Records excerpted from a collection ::

::::

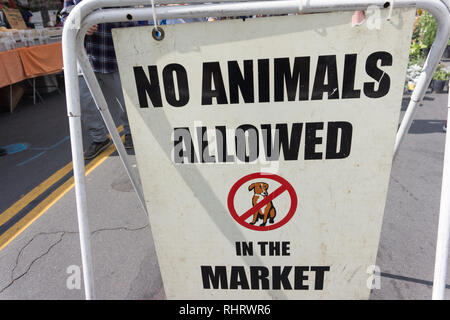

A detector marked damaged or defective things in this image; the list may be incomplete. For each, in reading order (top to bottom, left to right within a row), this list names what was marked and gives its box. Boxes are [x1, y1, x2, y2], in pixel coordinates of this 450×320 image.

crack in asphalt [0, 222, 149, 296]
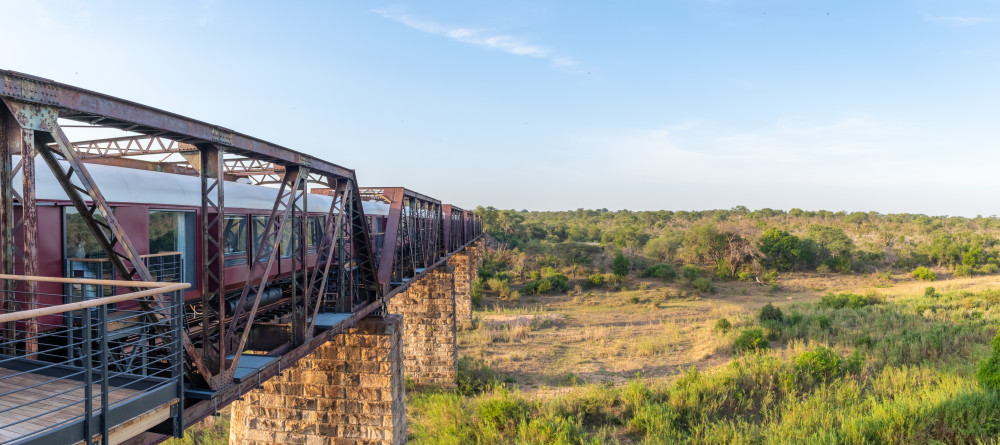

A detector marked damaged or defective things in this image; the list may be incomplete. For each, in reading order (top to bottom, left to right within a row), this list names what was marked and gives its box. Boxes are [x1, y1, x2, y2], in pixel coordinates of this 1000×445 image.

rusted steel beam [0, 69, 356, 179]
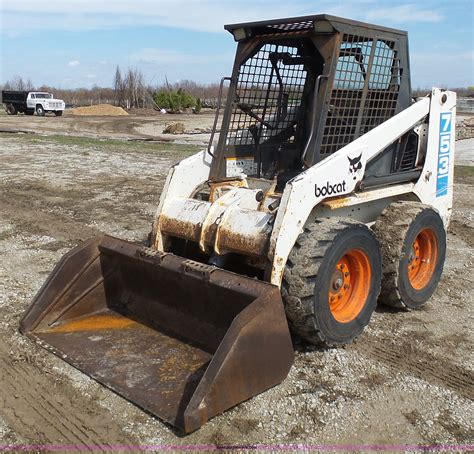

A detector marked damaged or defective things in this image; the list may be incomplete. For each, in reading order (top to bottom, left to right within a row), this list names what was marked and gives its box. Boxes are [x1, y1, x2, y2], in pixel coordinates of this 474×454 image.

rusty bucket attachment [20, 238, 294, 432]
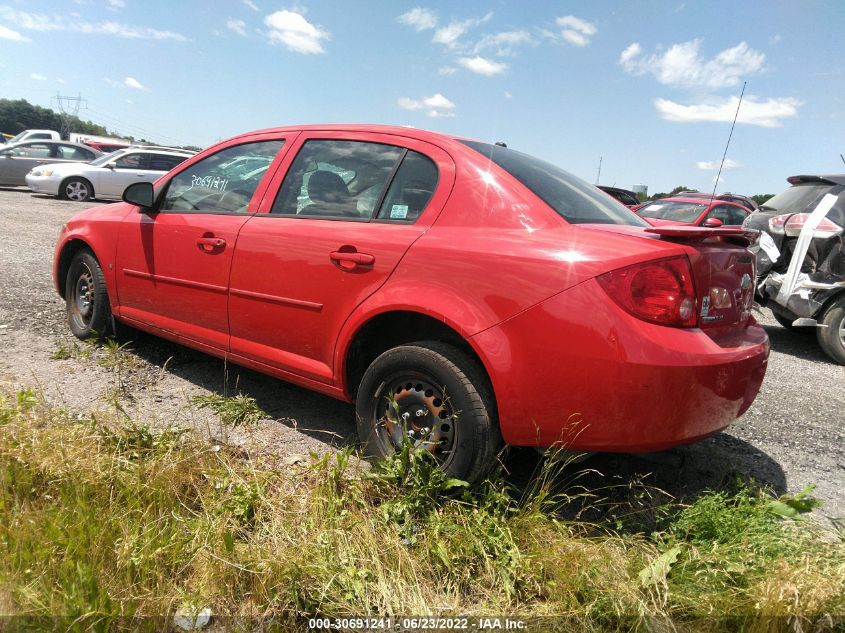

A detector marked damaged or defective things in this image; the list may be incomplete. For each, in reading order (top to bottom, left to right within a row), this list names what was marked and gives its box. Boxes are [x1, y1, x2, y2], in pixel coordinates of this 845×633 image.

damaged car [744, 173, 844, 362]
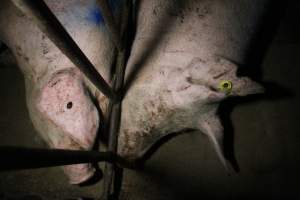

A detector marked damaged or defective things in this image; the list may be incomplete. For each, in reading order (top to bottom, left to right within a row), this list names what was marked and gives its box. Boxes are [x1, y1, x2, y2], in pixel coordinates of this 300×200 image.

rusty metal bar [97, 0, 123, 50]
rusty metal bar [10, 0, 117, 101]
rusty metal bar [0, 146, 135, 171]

::::

TASK TO COMPLETE ::
Repeat the records above verbatim. Include none of the pictures.

EXPECTED OUTPUT ::
A detector marked damaged or defective things in this image; the list may be incomplete. For each, in reading order (top to bottom, left to right within a row), this list names what was marked and gives its box. Boxes are [x1, y1, x2, y2], in pixel coordinates of this 450×320 image.

crack in asphalt [0, 222, 149, 296]

A detector marked damaged or defective things in this image; the list may be incomplete. For each, in reading order (top to bottom, left to right within a row), this list names what was marked and gives its box. Boxes are [x1, y1, x2, y2], in pixel coordinates of this 1000×445 image.

rusted steel beam [0, 69, 356, 179]

A detector marked damaged or defective things in this image; the list may be incomplete. For each, in reading order (top to bottom, left to right within a row), this list names what was marked and gives its box. Boxes are [x1, y1, x2, y2], in pixel coordinates of this 474×454 image.

rusty bucket attachment [20, 238, 294, 432]

A detector marked damaged or defective things in this image; the list may be incomplete. For each, in reading order (top to bottom, left to right within a row), this list names what was marked and gives its box. Boxes are [x1, y1, x2, y2], in pixel coordinates of this 845×633 image.

damaged car [744, 173, 844, 362]

A detector marked damaged or defective things in this image; the list may be incomplete. For each, in reading order (top to bottom, left to right within a row), this list names what was marked and gives its box. Boxes are [x1, y1, x2, y2], in pixel coordinates of this 300×200 image.

rusty metal bar [97, 0, 123, 50]
rusty metal bar [10, 0, 117, 101]
rusty metal bar [0, 146, 135, 171]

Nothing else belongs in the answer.